Some software companies, like Google, have their code in a giant monorepo. Everybody works in the same repository, with the same dependencies, and building off the same version (head). Other companies, like Amazon, have smaller granularity, often per team. Amazon calls these things versionsets (“VS”)— they are isolated build and runtime closures (your Java classpath). You create a versionset for your product, initially empty. And you add Java packages (JARs) to it. Those JARs bring their dependencies into your VS, because they need them to operate. Those dependencies bring their dependencies, which brings their dependencies, and so forth. So when you added a JAR to your VS it could bring hundreds of transitive JARs. Your VS could get bloated fast (and unless you regularly cleaned up unused packages they would live in it forever). To keep things stable, a VS only accepted specific versions of Java packages. For example, you brought Log4j 2.14 into your VS. If there was a Log4j 2.15 version, you had to bring it explicitly. This kept your VS from breaking when there were API changes in dependencies. That’s where “versionset” got its name: it was an isolated set of Java JARs and versions, to be used as build and runtime closure for a product.
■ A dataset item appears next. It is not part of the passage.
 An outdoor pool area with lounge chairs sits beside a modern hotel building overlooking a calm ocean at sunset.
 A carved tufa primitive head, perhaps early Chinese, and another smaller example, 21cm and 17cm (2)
In a monorepo world, you just say to your customers, “hey! grab my code from this path in the repository.” Done. In a versionset world, those customers need to import your Java package into their VS explicitly. That was the status quo of vending software at Amazon, to just say “hey bring my Java package version x.y into your versionset and start using it!”
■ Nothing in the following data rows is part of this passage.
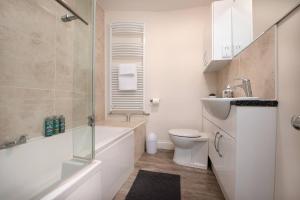 a bathroom with a tub and a toilet and a sink at St Jude's View in Portsmouth +12 photos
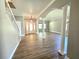 Bright living room with stylish flooring, modern lighting, and a spacious open floor plan at 5704 Ansley Way, Mount Dora, FL 32757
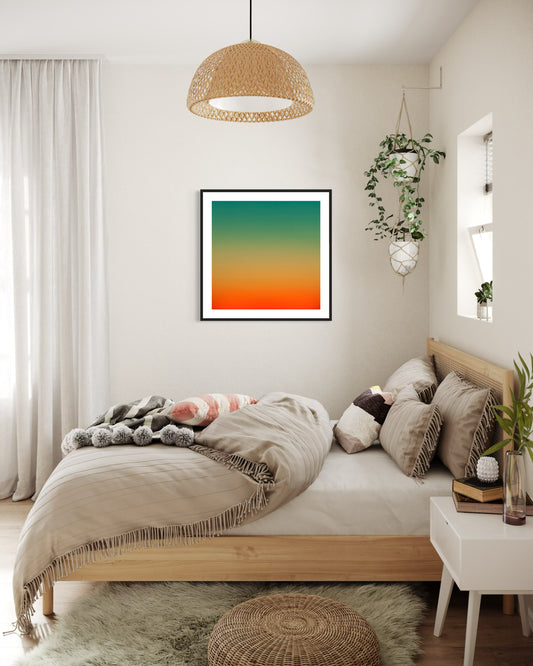 photo, gradient top to bottom teal blue, pale yellow and then orange in black frame with off white matte on white wall in Scandinavian style bedroom 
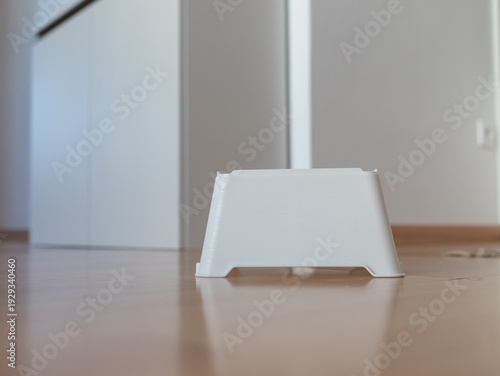 Minimalist white plastic step stool for children on a wooden floor. Modern anti-slip toddler step in a bright, clean home interior.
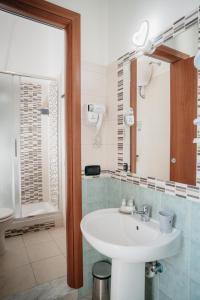 a bathroom with a white sink and a mirror at Central Station by CasaNapoletana in Naples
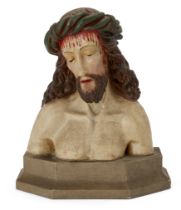 A polychrome plaster bust of Christ as the 'Man of Sorrows', 20th century, wearing a crown of tho...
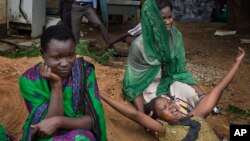 FILE - Relatives of Samual Moro, 30, grieve after he died of cholera, outside the cholera isolation ward at the Juba Teaching Hospital in the capital Juba, South Sudan.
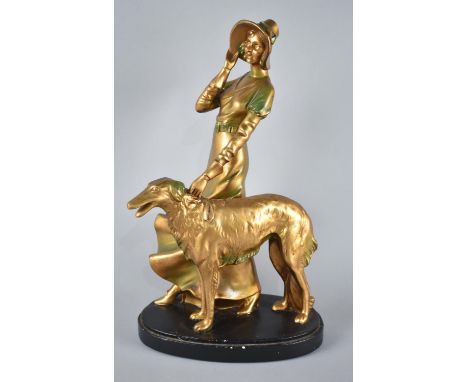 An Art Deco Chalk Figure of Maiden with Afghan Hound, Gilt and Green Enamel and Ebonized Oval Base, 37cms High 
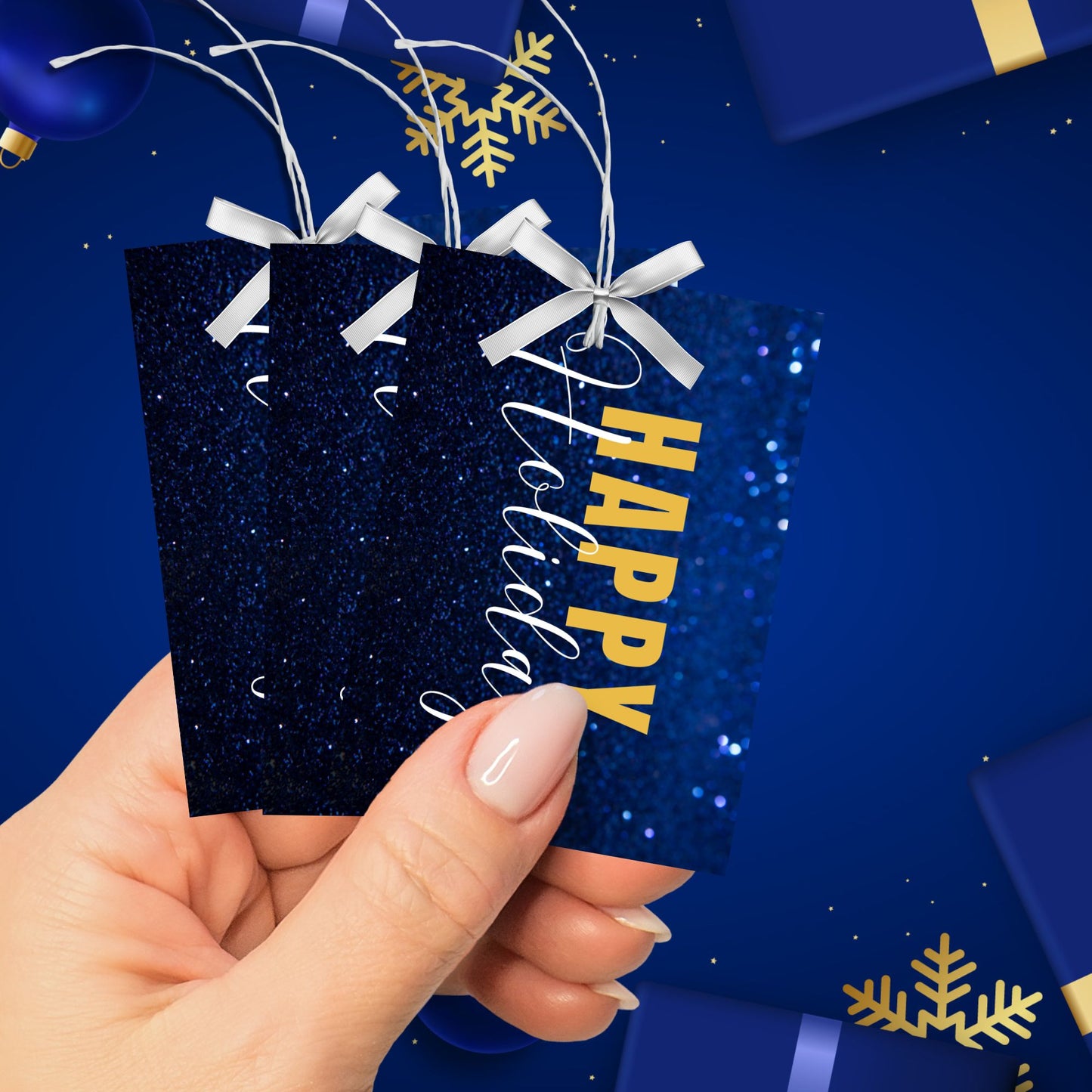 Printable blue and gold Holiday gift tags featuring a sparkling blue glitter background and bold gold "Happy Holidays" text, sized 2.5 x 3.5 inches, 8 per sheet.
[ If you’re wondering: why didn’t I just build a service? That would have solved this. There were other, more complicated reasons I couldn’t vend this as a service at that time. ]
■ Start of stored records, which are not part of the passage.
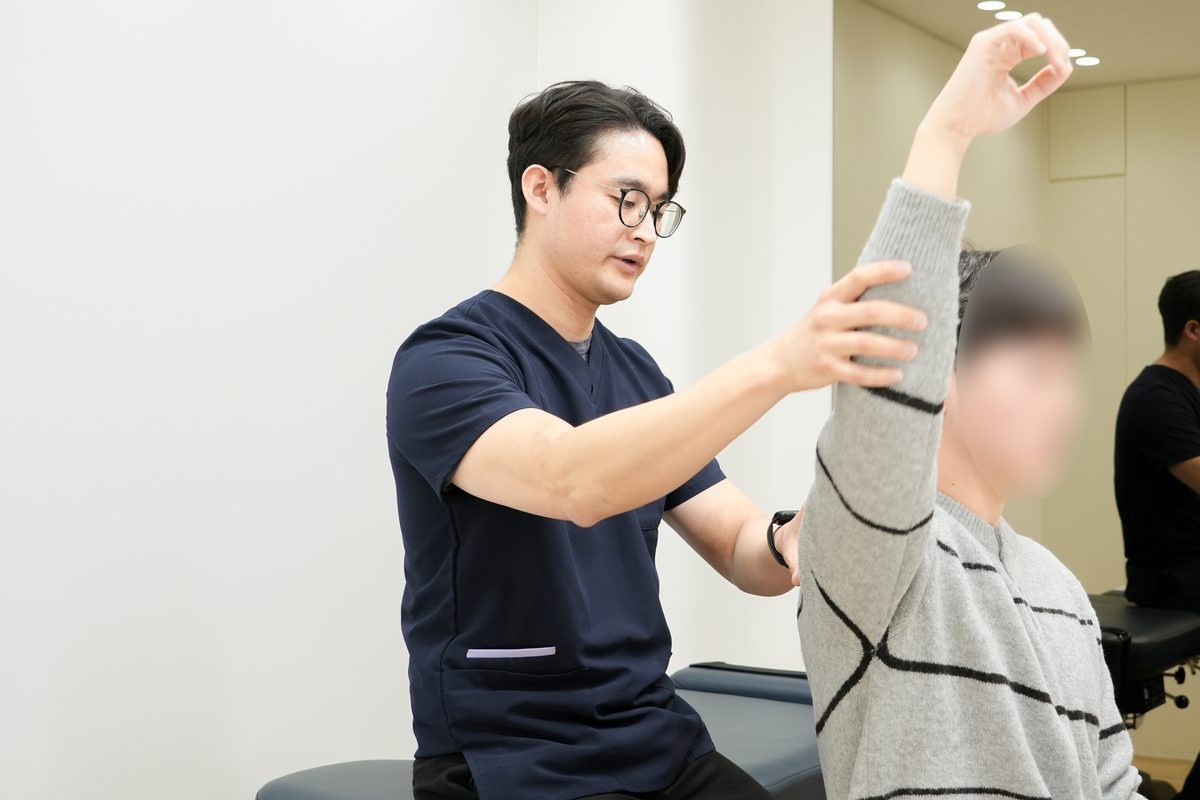 한의사가 환자의 어깨와 팔을 손으로 받쳐 주는 동안 환자가 직접 팔을 머리 위로 들어 올리는 멀리건 추나 시술 장면 - 마포당한의원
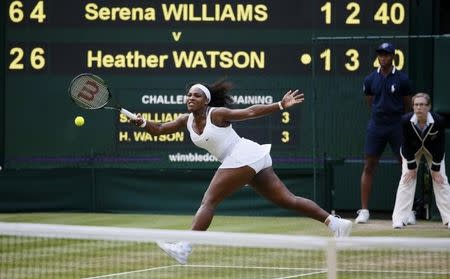 Serena Williams of the U.S.A. hits the ball during her match against Heather Watson of Britain at the Wimbledon Tennis Championships in London, July 3, 2015. REUTERS/Stefan Wermuth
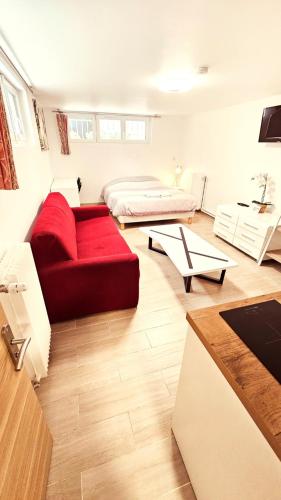 a living room with a red couch and a table at STUDIOS La Varenne Saint Maur entre PARIS ET DISNEYLAND in Saint-Maur-des-Fossés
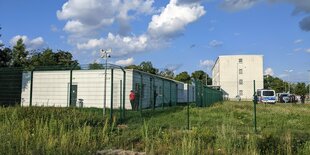 Links ein Container, rechts ein vierstöckiges Gebäude mti einem Polizeitransporter davor: Das Abschiebegefängnis am Berliner Flughafen.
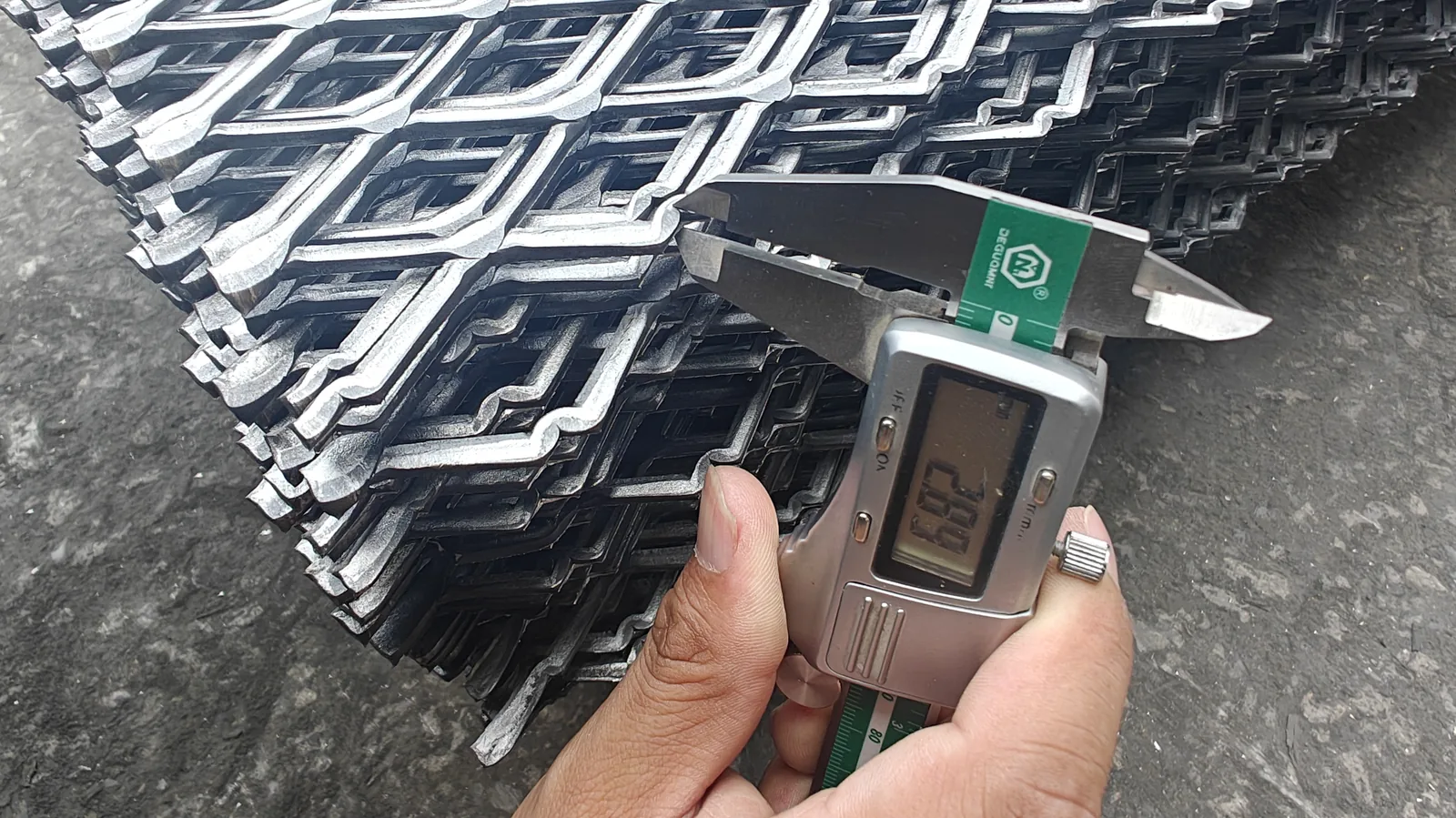 Digital caliper checking expanded metal strand thickness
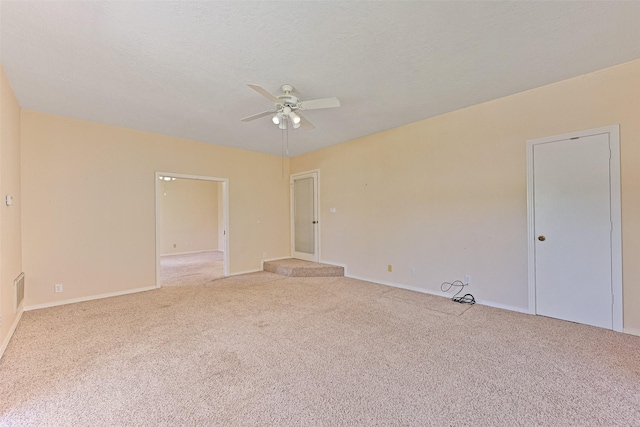 empty room with a ceiling fan, baseboards, carpet floors, and a textured ceiling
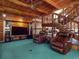 Cozy living room featuring a striking wooden staircase and comfortable leather seating with entertainment options at 3443 S Mellonville Ave, Sanford, FL 32773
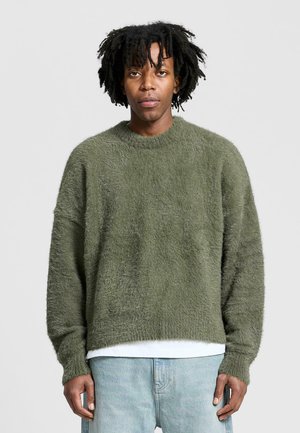 Olivgrüner, flauschiger Strickpullover mit Rundhalsausschnitt, überschnittenen Schultern und gerippten Bündchen. Über einem weißen Hemd getragen und mit hellen Jeans kombiniert.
I did not love that software vending model, for many reasons.

• Being a good citizen. My dependencies got passed to customer’s versionsets. If I was going to have the power to bring hundreds of transitive dependencies into thousands of versionsets at Amazon, that was a big responsibility. Sometimes, you would end up with dependency conflicts (package A brought Foobar-2.1 into my VS, but package B brought Foobar-2.2 into my versionset, which one do I use and what happens if they’re not backwards compatible? Ahrhghghggghhhh!!!). Your VS was broken, so you needed to drop everything you were doing and spend the next 5 hours in dependency-hell, resolving conflicts one by one. If you were lucky, it broke at compile time; if you were unlucky, at runtime. It was a rite of passage at Amazon, involving crying, cursing, sacrificing your first-born child, and having your coworkers commiserating with you.
• Speed of innovation. If bringing a dependency into my VS could get amplified a thousand-fold when that dependency got added to thousands of customer versionsets, that was going to make me think twice about each dependency I brought. This was going to stifle innovation and speed of delivery of changes.
• Ability to fix a bug in a timely fashion. Once your code was imported into somebody’s VS, it wasn’t refreshed again until they explicitly refreshed it. Most service owners refreshed dependencies on a cadence, sometimes nightly, sometimes weekly, but also, sometimes manually, sometimes never. If I pushed a bad bug, it was impossible to ensure 100% of the VSs that got the bug also picked up the fix. For every urgent bug fix, I was going to have to file tickets to all my customers to get them to refresh their VS asap which is a huge inconvenience to them.
• Predictable operations. In terms of providing operational support for my platform, multiple versions of my platform out there meant the platform could behave differently for different customers, so it could become an operational nightmare, having to ask the person you’re helping what version of the platform they’re using and then having to remember the quirks of that specific build.
• Customer experience & onboarding cost. The onboarding experience was toilsome: bring my JAR into your version set, deal with all the dependency conflicts, change your ant build file, export and deploy your own main() as a standalone executable. On average, it took a couple of days. I wanted it instant: type a command and it just works!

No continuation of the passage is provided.